Le 10 mai, le navire quitte Dublin en direction de la baie de Tobermory (île de Mull, Écosse). Avis de coup de vent en mer d’Irlande de sud-ouest se renforçant à partir de midi, le 11 mai. Le commandant, 57 ans, décide de rallier la baie le plus vite possible pour s’y abriter avant la dégradation; ETA 12 h.

Bien reposé, précise la MAIB, le commandant est à la passerelle à 7 h du matin. Il est informé peu après 8 h 40 par la Tobermory Harbour Association (THA) que deux petits paquebots sont déjà au mouillage et que le Hamburg devra donc attendre leur départ prévu vers midi. À 10 h 45, les ancres sont parées à être mouillées. La passerelle passe en mode rouge (ne pas déranger). La barre est manuelle. Le premier paquebot sort de la baie à l’heure prévue. Le second commence à relever son ancre vers 13 h 48. Le Hamburg (5,4 m de tirant d’eau arrière) se dirige vers ce paquebot. À 13 h 21, l’officier de quart et l’élève-officier indiquent sur une carte papier la position du Hamburg. L’élève estime qu’il se trouve plus près du haut-fond New Rocks. Sans consulter l’officier de quart, il efface sa position, l’estimant fausse. À 13 h 23, la bouée de New Rocks est sur l’avant bâbord du paquebot. Durant deux minutes, l’officier de quart est à la VHF avec deux autres navires qui arrivent également sur zone, à plus grande vitesse. Il faut organiser les passages. Le commandant du paquebot fait réduire la vitesse pour laisser passer trois navires. Ils sont tous à moins de 0,2 mille les uns des autres. Le commandant est préoccupé par la situation de la zone et la proximité du haut-fond. À 13 h 28, il demande à l’officier de sécurité qui vient d’arriver à la passerelle de veiller la bouée New Rocks. Le paquebot s’y frotte 21 secondes plus tard à la vitesse fond de 6,37 nœuds. Le commandant fait manœuvrer le paquebot pour sortir de la zone. Les deux moteurs débraient automatiquement. Le bâbord s’arrête même. Le générateur de secours démarre, réalimentant la plupart des instruments de navigation. De multiples alarmes sonnent à la passerelle et au PC machine, mais pas l’alarme générale ni celle concernant uniquement l’équipage. Ce qui peut être inspecté visuellement l’est, mais sans utiliser les checklists « échouement et communication ». Le chef mécanicien informe que le moteur bâbord s’est arrêté et qu’il y a un « problème » avec l’hélice bâbord. Pas d’entrée d’eau détectée.

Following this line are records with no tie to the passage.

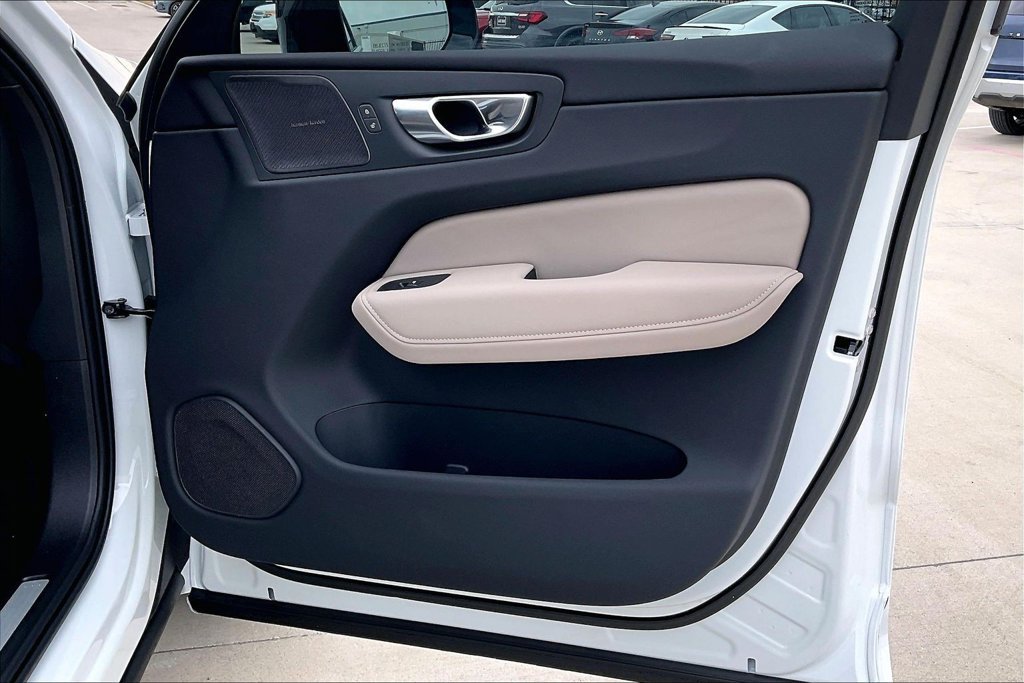 New 2026 Volvo XC60 B5 Plus w/ Protection Package Premier AWD/4WD image 12
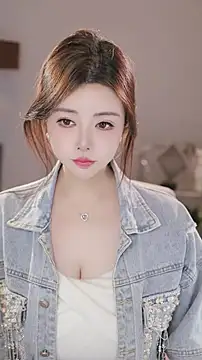 Qiaoqiao  online show from 12/20/25, 04:14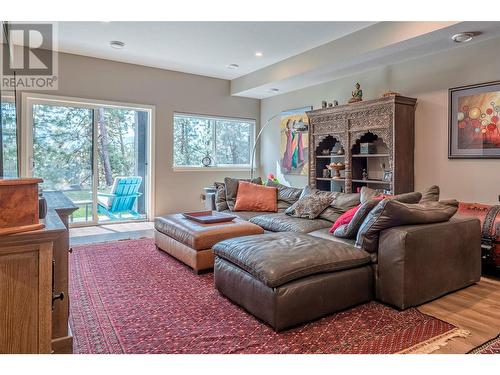 5350 Silver Star Road Unit# 16, Vernon, BC - Indoor Photo Showing Living Room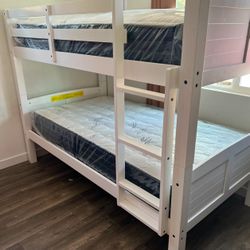 Litera twin Size Nueva En Su Caja Incluye Colchones 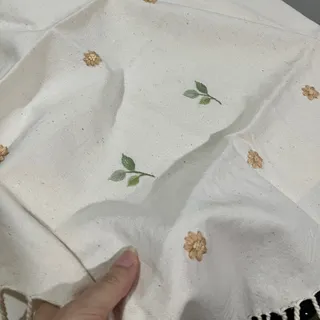 رومیزی مربع بابونه لنین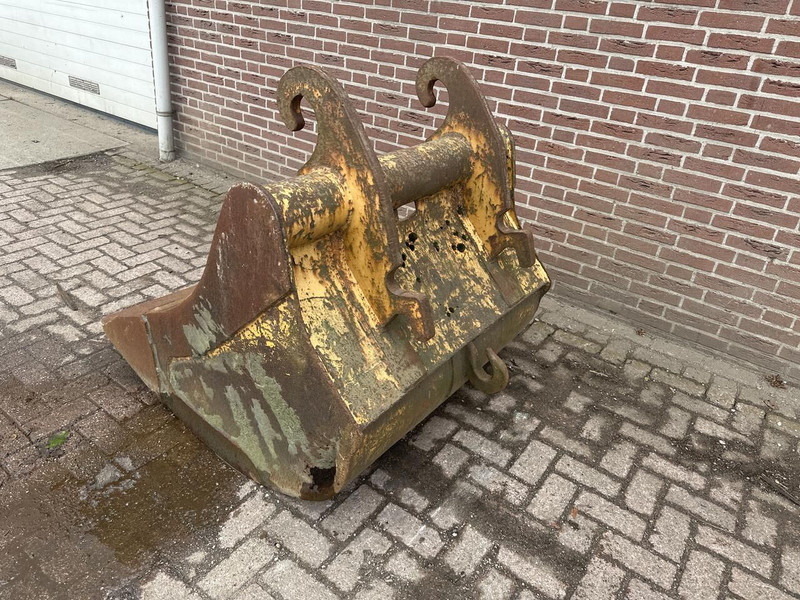 CW 30 - Godet pour Engins de chantier: photos 2 CW 30 - Godet pour Engins de chantier: photos 2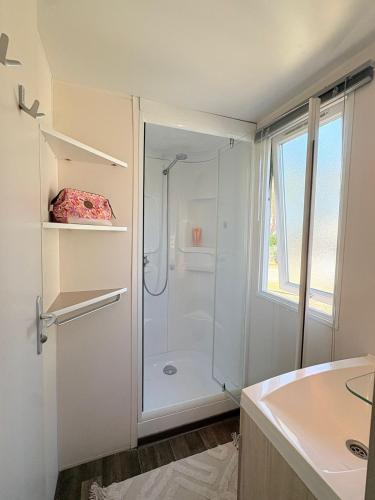 La Pinède Mobil Home 6 personnes - Camping 4 étoiles la Presqu'île du Barcarès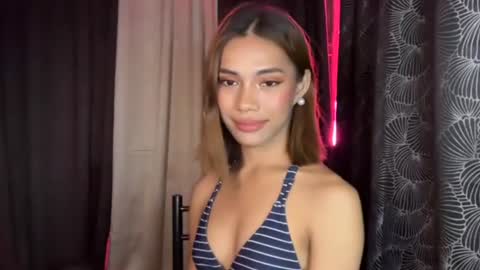 Snapshot of sweet_nikki03 chatting on 12-02-25, 06:36 sweet_nikki03 online show from 12-02-25, 06:36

À 13 h 45, le paquebot se présente devant la baie de Tobermory où de nombreux petits bateaux sont au mouillage. Le commandant décide donc de mouiller à l’entrée de la baie, loin de la zone prévue avec la THA, bien mieux abritée. À 14 h 01, il mouille plus de 135 m de chaînes. Hauteur d’eau indiquée sur la carte, 61 m. Le mouillage ne tient pas. Le paquebot dérive vers l’île Calve. À 14 h 22, l’ancre est de nouveau à bord, le paquebot part vers le large. Il est passé à moins de 0,1 mille de l’île. Deux minutes plus tard, le commandant essaie de joindre la personne désignée (DPA) chez V Ships Monaco pour l’informer. Pas de DPA, ni de personne de permanence, souligne la MAIB. Il contacte alors l’ingénieur d’astreinte du fréteur coque nue du navire, Hamburg Cruise SA. Ils conviennent que le paquebot doit se rendre à Belfast pour une inspection sous-marine. V Ships est informé par l’ingénieur à 15 h 05. « Ni le commandant, ni HCSA, ni V Ships n’informent la garde-côte britannique, la THA ou la MAIB de l’événement de mer », souligne-t-on.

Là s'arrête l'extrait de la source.